THE INPUT:
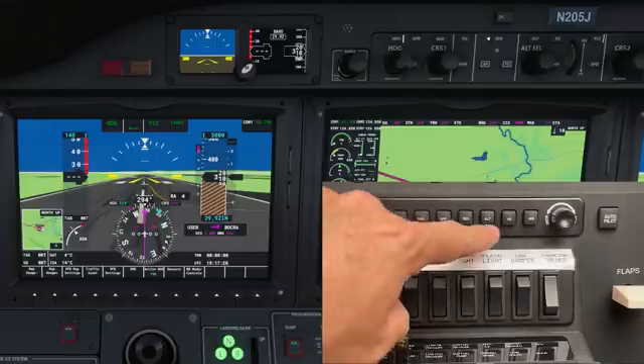Now let's say air traffic control told me to level off at 3,000 feet. I'll start by slowing my vertical rate and when I get to 3,000 feet I'll hit the altitude hold button — now it will hold me at 3,000 feet. You can see the aircraft has leveled off, it's no longer climbing, and the vertical speed is zero. I'm still in heading mode, so I'll change that to NAV so it will follow my magenta line — it'll turn right to bring the CDI back to center.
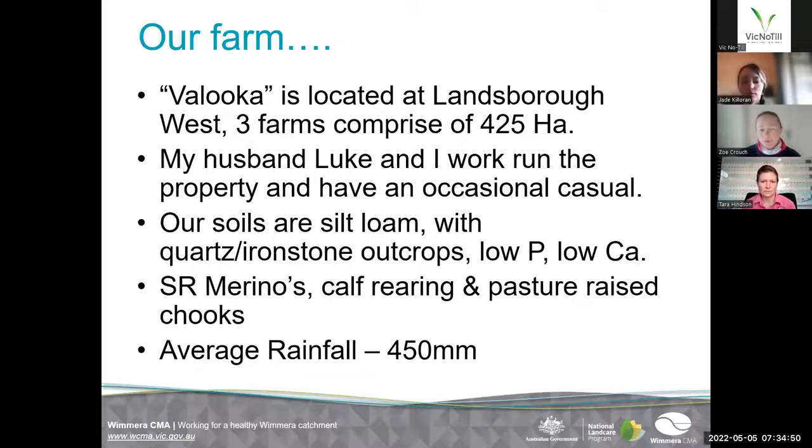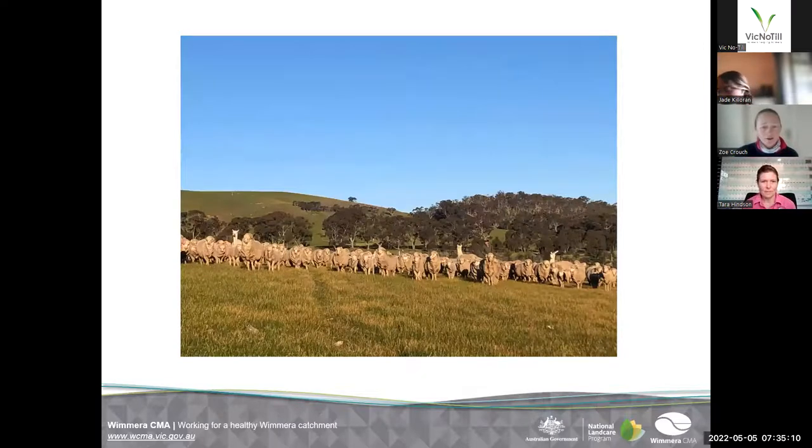We've got self-replacing Merinos, we rear some calves, and we have pasture-raised chooks. Our average rainfall is about 450mm — though I beg to differ on that at the moment — but we're having a good start to the year. This is just a photo of some Merino ewes and lambs coming in. You can see the lovely crop of onion weed in the foreground — this is predominantly what our pastures have been for, well, forever. That's something we've wanted to remedy, hence why we jumped in with the multi-species. Jade says don't look at your worst paddock but this is probably the worst one.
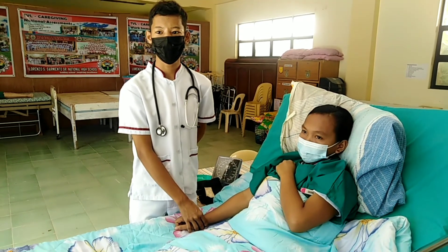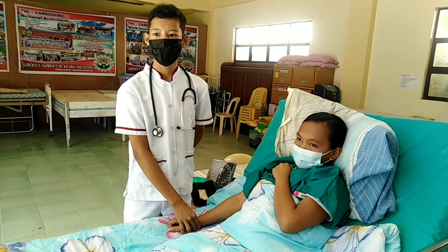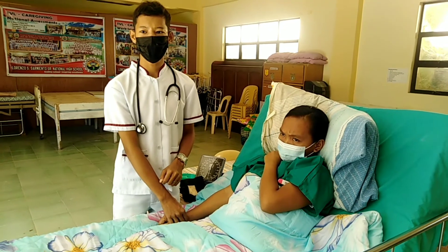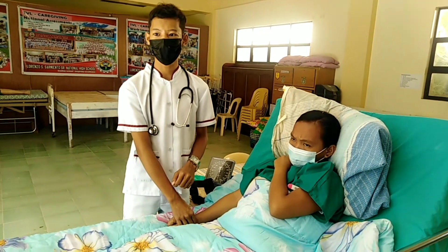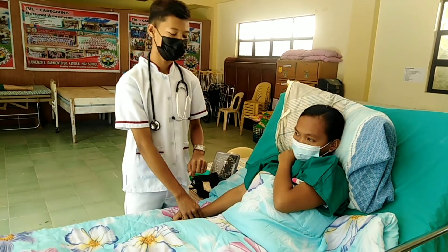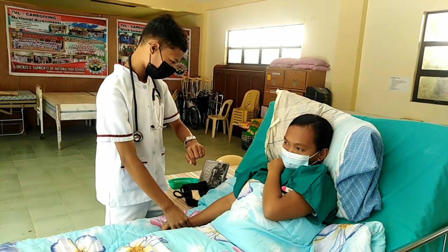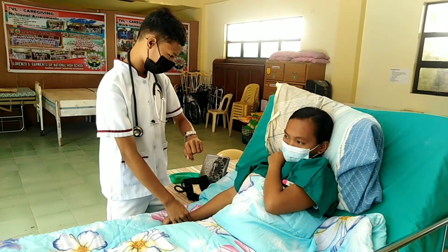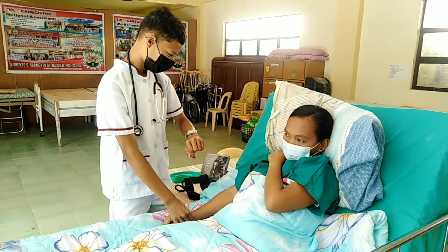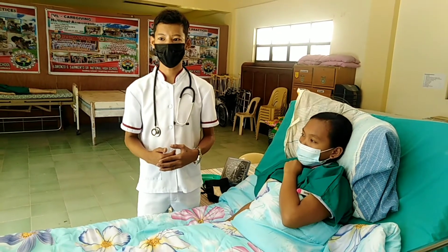Examine the rhythm and the strength of the pulse. After counting the pulse, prepare to count the respirations by keeping your fingertips on the client's pulse. Observe the rise and fall of the client's chest — one inspiration and one expiration. Count respirations for one full minute. Examine the depth, noting facial expression, cyanosis, and movement.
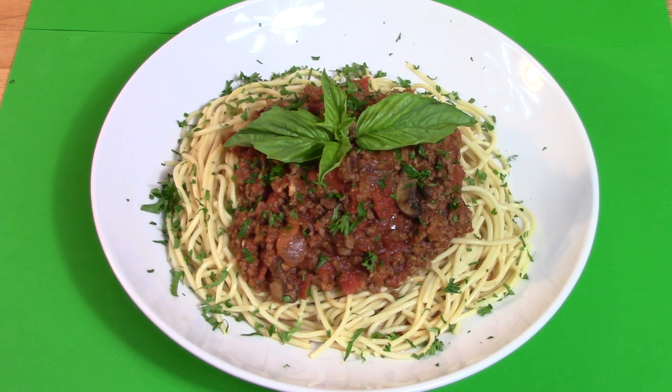This is an outstanding dish. And that is no bologna. Cooking with Kooks is a production of Culinary Characters of America.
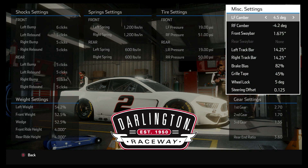I went kind of aggressive on the camber, but felt that the car was pretty tight and needed to turn a little better. The tire wear is not bad at Darlington at all, which is unlike real life — in real life, Darlington is one of the worst tracks on tire wear. But with pretty aggressive camber, at the end of the run your tire light isn't even on. So you can be aggressive on some of these settings because you don't have to worry about saving the tires.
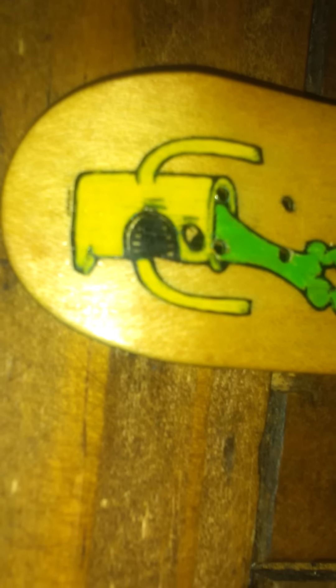It is a custom bottom ply Rasta. Let's go to some cosmetic conditions. As you can see, it's got some slight wear on the actual graphic. Not very bad. It's in pretty much very good condition. It's just a nice deck.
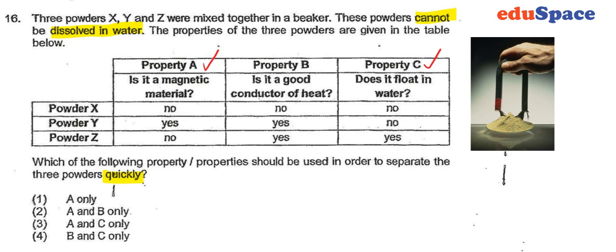Or if a substance is able to float, since they cannot dissolve in water, you put them in the water. The one that floats, you will be able to separate by just scooping those that float on the surface.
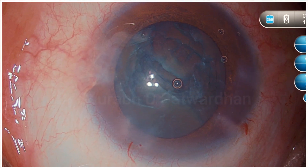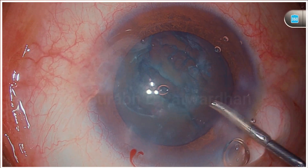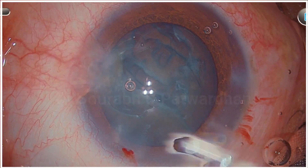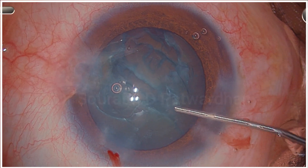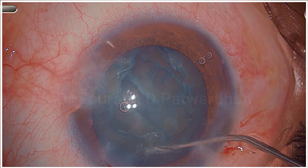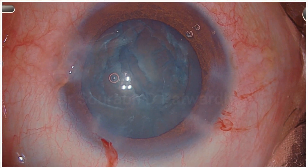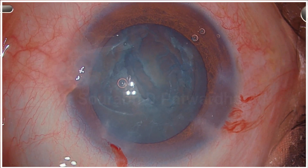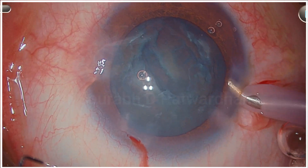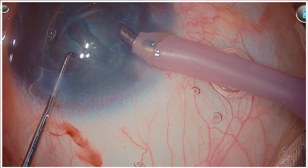To repeat hydrodissection, it is essential that you go under the anterior capsule till the periphery and push some fluid. Here you can push more fluid because you have already divided the nucleus, so there is no chance of hydro rupture of the posterior capsule. Push more fluid, and you will find that here when I push fluid, there was anterior movement of the nucleus, and now I know that the nucleus is separated from the bag.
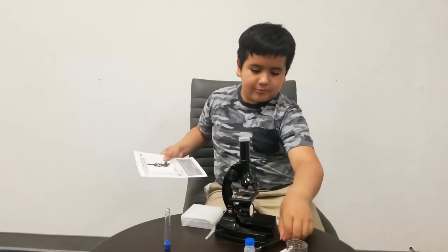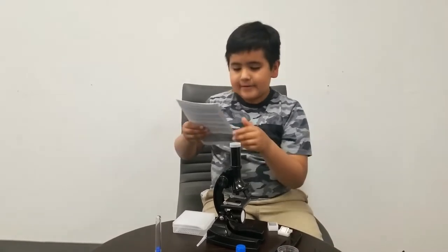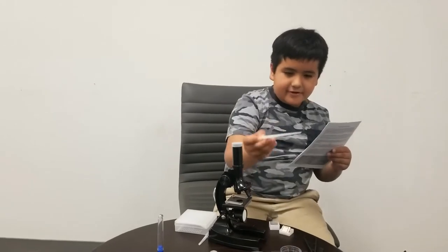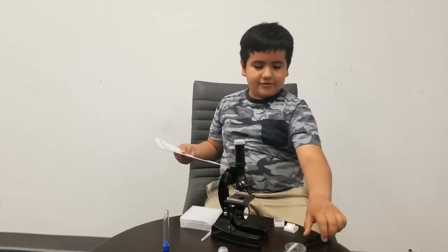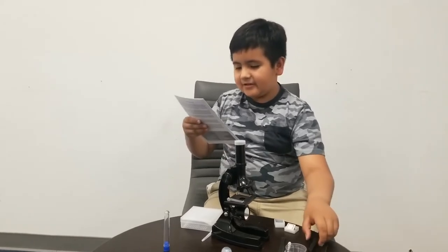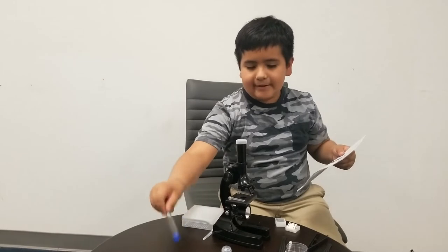One scalpel, which is this thing. One spatula, which is this thing. And a stirring rod, which I believe is this. And one tweezers, which is this, I think. And a test tube with cap — I think this is it.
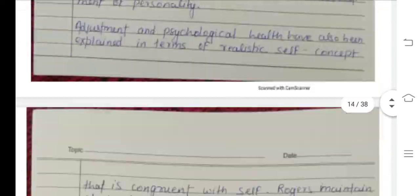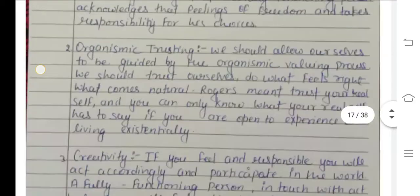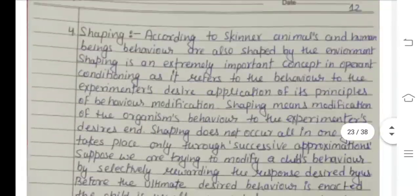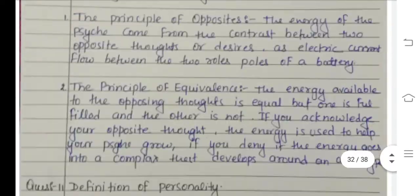If you have a scanned PDF, you can contact us on WhatsApp or order. We will write your name and number on each page. If you purchase any book, we will provide you with an assignment free of cost. Thank you so much.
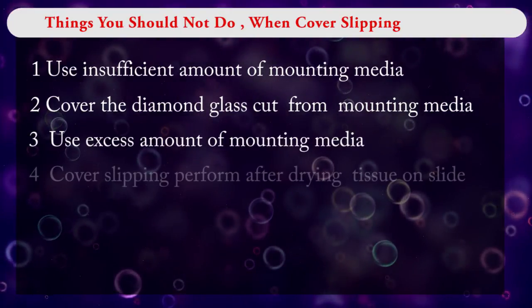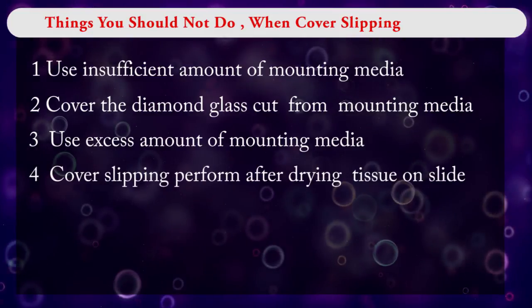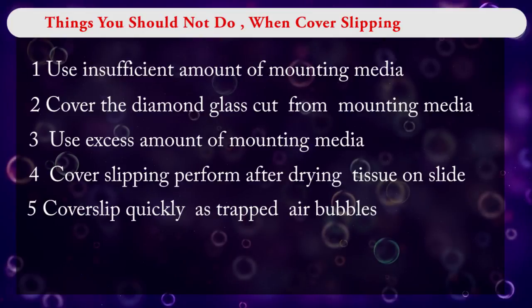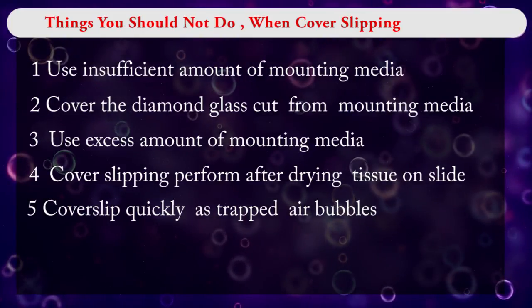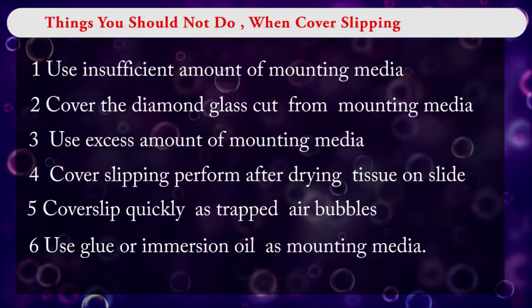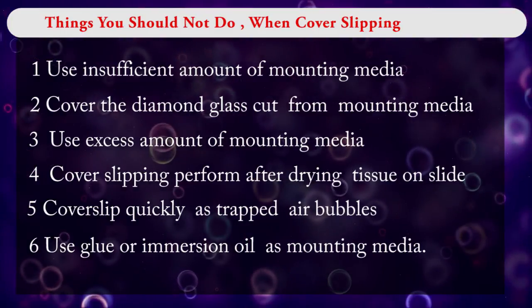Do not perform cover slipping after the tissue on the slide has dried. Do not quickly put the cover slip on the mounting media, as this traps air bubbles under the cover slip. Do not use improper labeling glue or immersion oil as mounting media.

WORK INSTRUCTIONS: Give every entry back unchanged, with no pictures.

TASK RESULT:
Now let's say air traffic control told me to level off at 3,000 feet. I'll start by slowing my vertical rate and when I get to 3,000 feet I'll hit the altitude hold button — now it will hold me at 3,000 feet. You can see the aircraft has leveled off, it's no longer climbing, and the vertical speed is zero. I'm still in heading mode, so I'll change that to NAV so it will follow my magenta line — it'll turn right to bring the CDI back to center.
We've got self-replacing Merinos, we rear some calves, and we have pasture-raised chooks. Our average rainfall is about 450mm — though I beg to differ on that at the moment — but we're having a good start to the year. This is just a photo of some Merino ewes and lambs coming in. You can see the lovely crop of onion weed in the foreground — this is predominantly what our pastures have been for, well, forever. That's something we've wanted to remedy, hence why we jumped in with the multi-species. Jade says don't look at your worst paddock but this is probably the worst one.
Examine the rhythm and the strength of the pulse. After counting the pulse, prepare to count the respirations by keeping your fingertips on the client's pulse. Observe the rise and fall of the client's chest — one inspiration and one expiration. Count respirations for one full minute. Examine the depth, noting facial expression, cyanosis, and movement.
This is an outstanding dish. And that is no bologna. Cooking with Kooks is a production of Culinary Characters of America.
I went kind of aggressive on the camber, but felt that the car was pretty tight and needed to turn a little better. The tire wear is not bad at Darlington at all, which is unlike real life — in real life, Darlington is one of the worst tracks on tire wear. But with pretty aggressive camber, at the end of the run your tire light isn't even on. So you can be aggressive on some of these settings because you don't have to worry about saving the tires.
It is a custom bottom ply Rasta. Let's go to some cosmetic conditions. As you can see, it's got some slight wear on the actual graphic. Not very bad. It's in pretty much very good condition. It's just a nice deck.
Or if a substance is able to float, since they cannot dissolve in water, you put them in the water. The one that floats, you will be able to separate by just scooping those that float on the surface.
To repeat hydrodissection, it is essential that you go under the anterior capsule till the periphery and push some fluid. Here you can push more fluid because you have already divided the nucleus, so there is no chance of hydro rupture of the posterior capsule. Push more fluid, and you will find that here when I push fluid, there was anterior movement of the nucleus, and now I know that the nucleus is separated from the bag.
One scalpel, which is this thing. One spatula, which is this thing. And a stirring rod, which I believe is this. And one tweezers, which is this, I think. And a test tube with cap — I think this is it.
If you have a scanned PDF, you can contact us on WhatsApp or order. We will write your name and number on each page. If you purchase any book, we will provide you with an assignment free of cost. Thank you so much.
Do not perform cover slipping after the tissue on the slide has dried. Do not quickly put the cover slip on the mounting media, as this traps air bubbles under the cover slip. Do not use improper labeling glue or immersion oil as mounting media.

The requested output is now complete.